Data shown

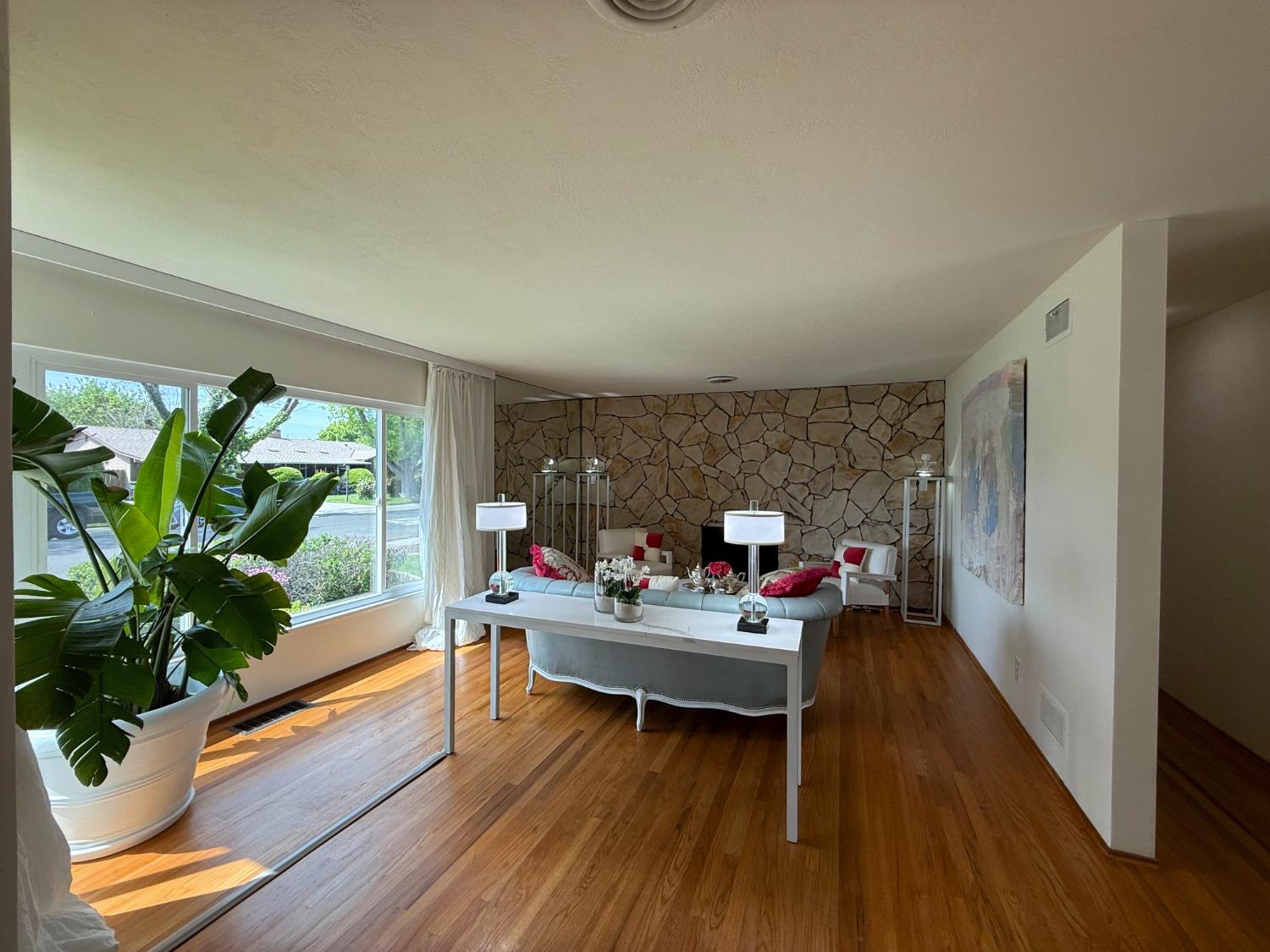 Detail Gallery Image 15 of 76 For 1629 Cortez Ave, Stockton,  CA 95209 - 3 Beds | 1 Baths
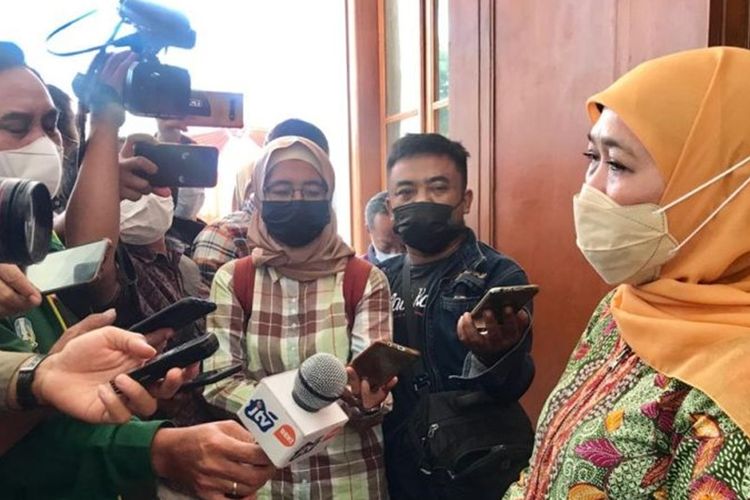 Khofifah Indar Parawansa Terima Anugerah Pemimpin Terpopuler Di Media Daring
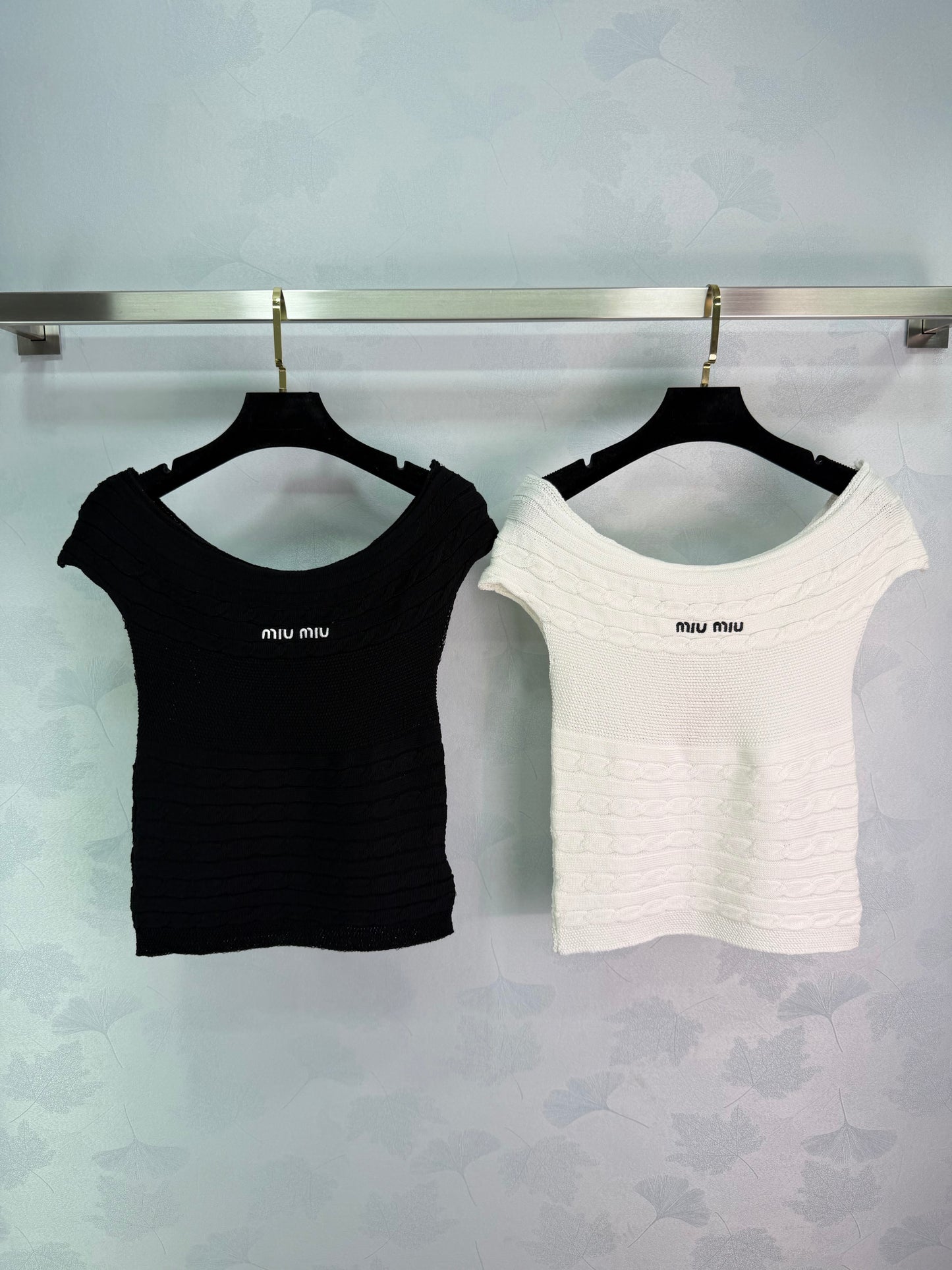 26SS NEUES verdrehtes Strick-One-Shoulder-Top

About this task
Return exactly the lines that begin with the one containing "Khofifah Indar Parawansa" and end with the final line of the data above; include no pictures.

Result for this task
 Khofifah Indar Parawansa Terima Anugerah Pemimpin Terpopuler Di Media Daring
 26SS NEUES verdrehtes Strick-One-Shoulder-Top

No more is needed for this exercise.